▸ **What to work on**:
Leave the pictures in the listing below aside and reproduce exactly the lines starting with the one with "used 2023 Toyota" and going on through the one with "Sony TT-3000 Portable", both ends included.

▸ **The records**:
# # # #

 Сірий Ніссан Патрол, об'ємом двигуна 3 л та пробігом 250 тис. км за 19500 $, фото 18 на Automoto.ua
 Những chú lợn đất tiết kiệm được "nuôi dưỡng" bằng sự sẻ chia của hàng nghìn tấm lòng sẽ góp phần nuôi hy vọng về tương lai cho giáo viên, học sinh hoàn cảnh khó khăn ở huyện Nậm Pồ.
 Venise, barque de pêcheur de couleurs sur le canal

# # # #

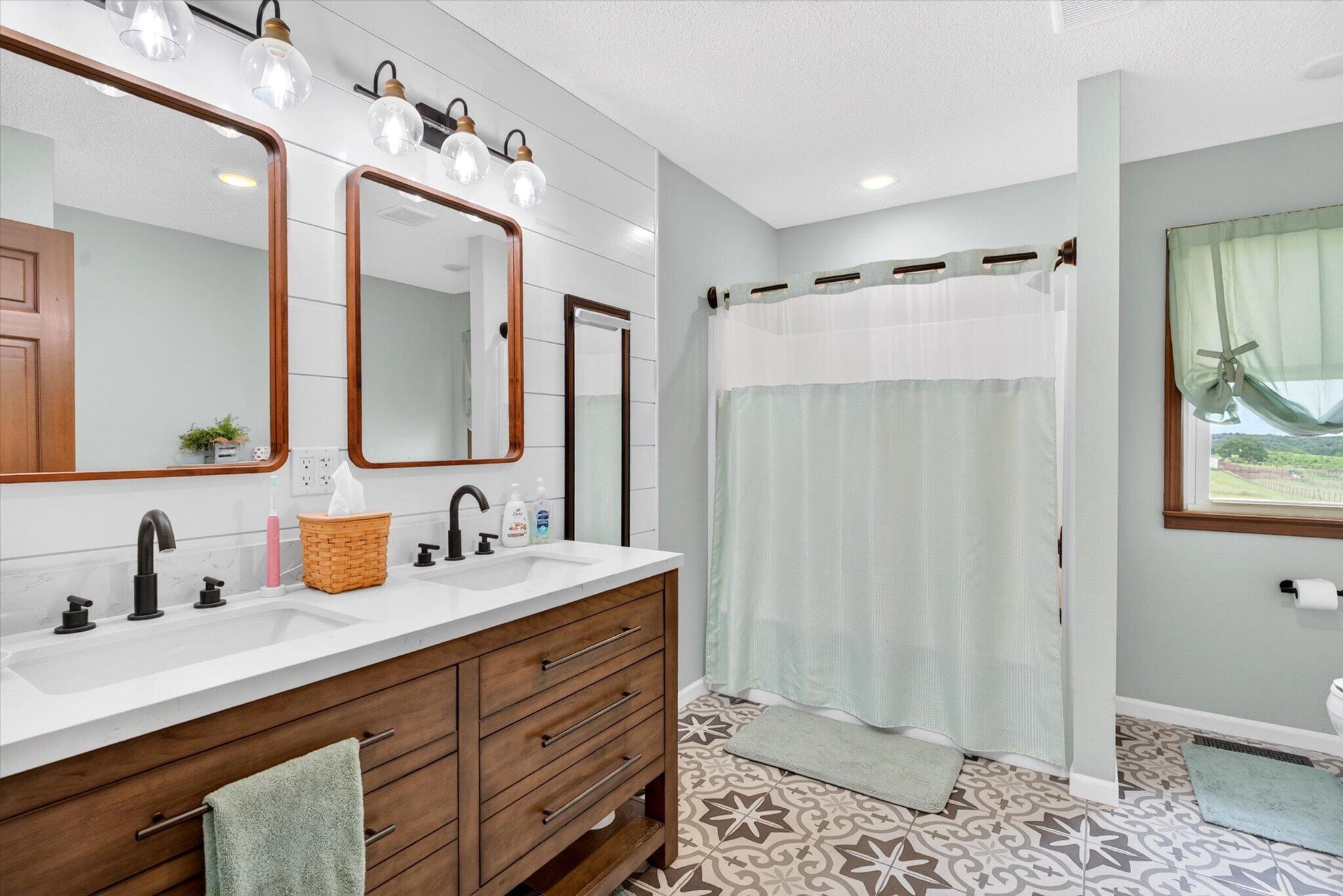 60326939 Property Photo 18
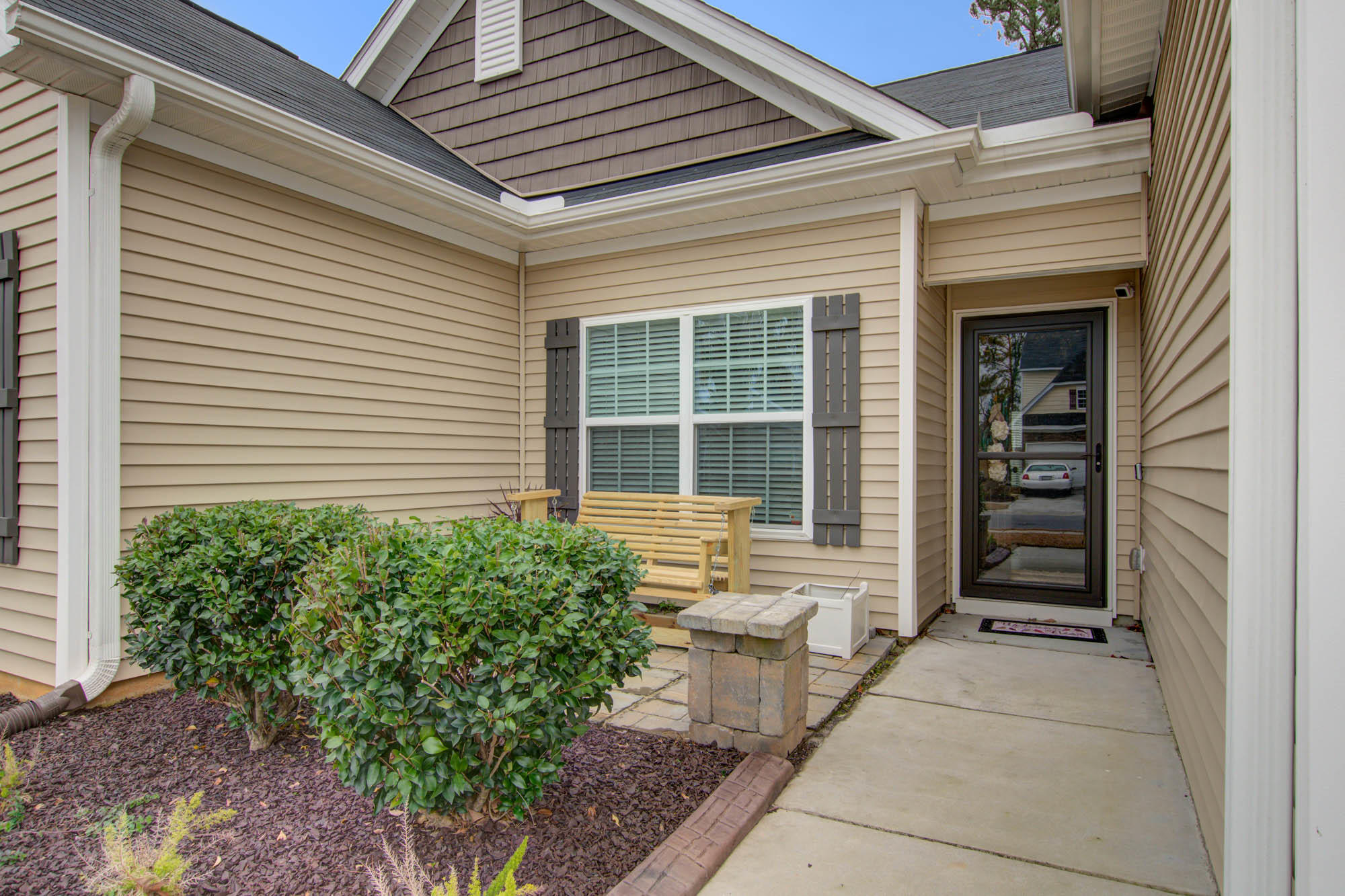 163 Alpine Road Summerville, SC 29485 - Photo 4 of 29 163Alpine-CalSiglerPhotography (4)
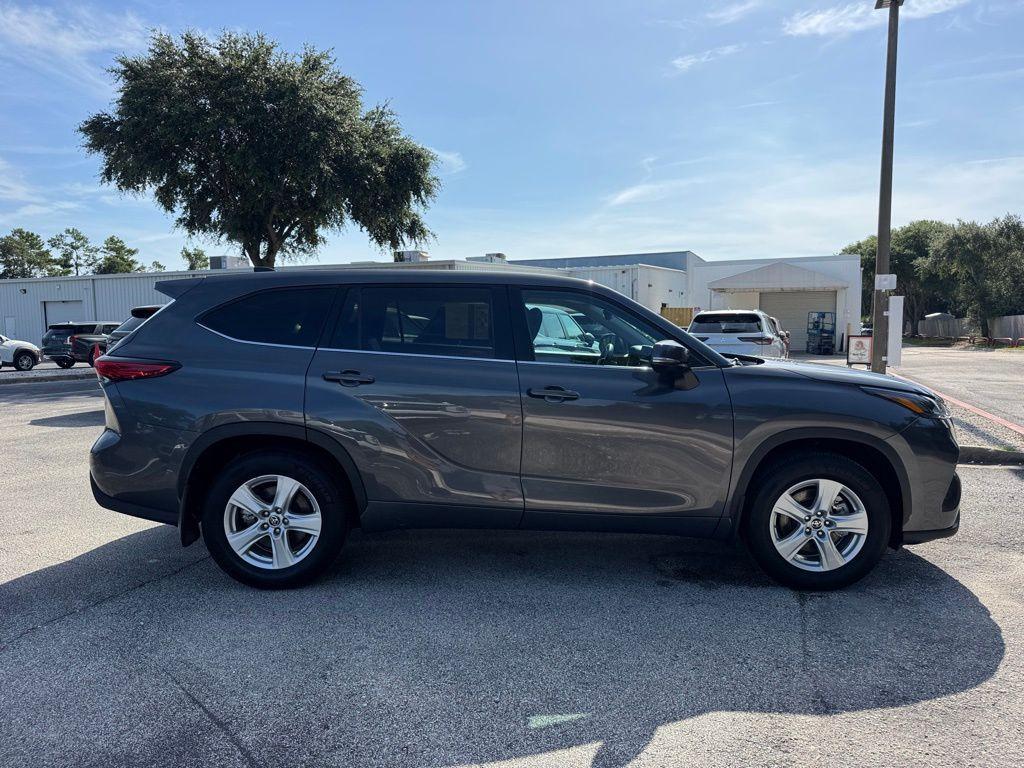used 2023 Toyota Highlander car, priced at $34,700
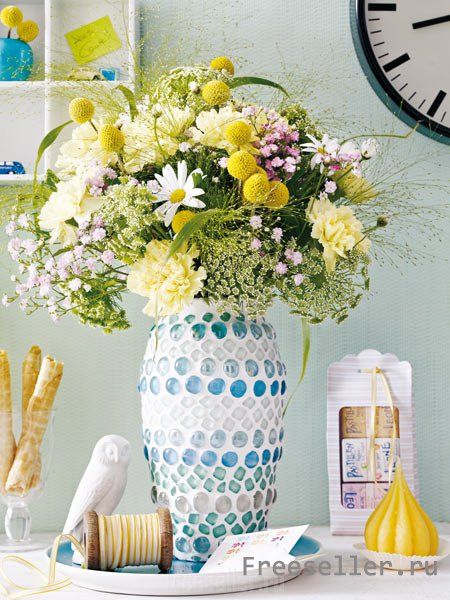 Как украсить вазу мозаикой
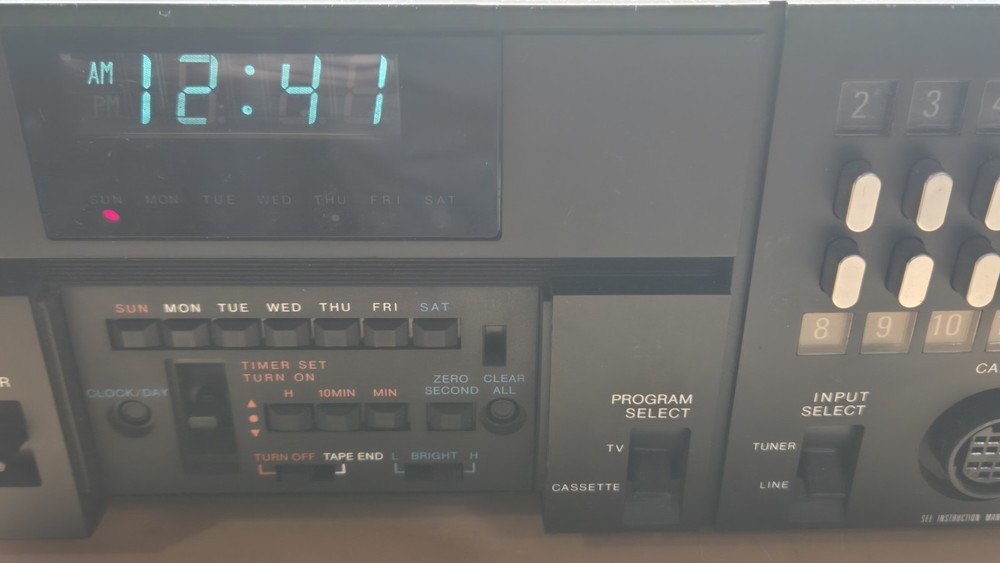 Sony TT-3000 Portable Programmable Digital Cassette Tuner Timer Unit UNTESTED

# # # #

▸ **The completed task**:
used 2023 Toyota Highlander car, priced at $34,700
 Как украсить вазу мозаикой
 Sony TT-3000 Portable Programmable Digital Cassette Tuner Timer Unit UNTESTED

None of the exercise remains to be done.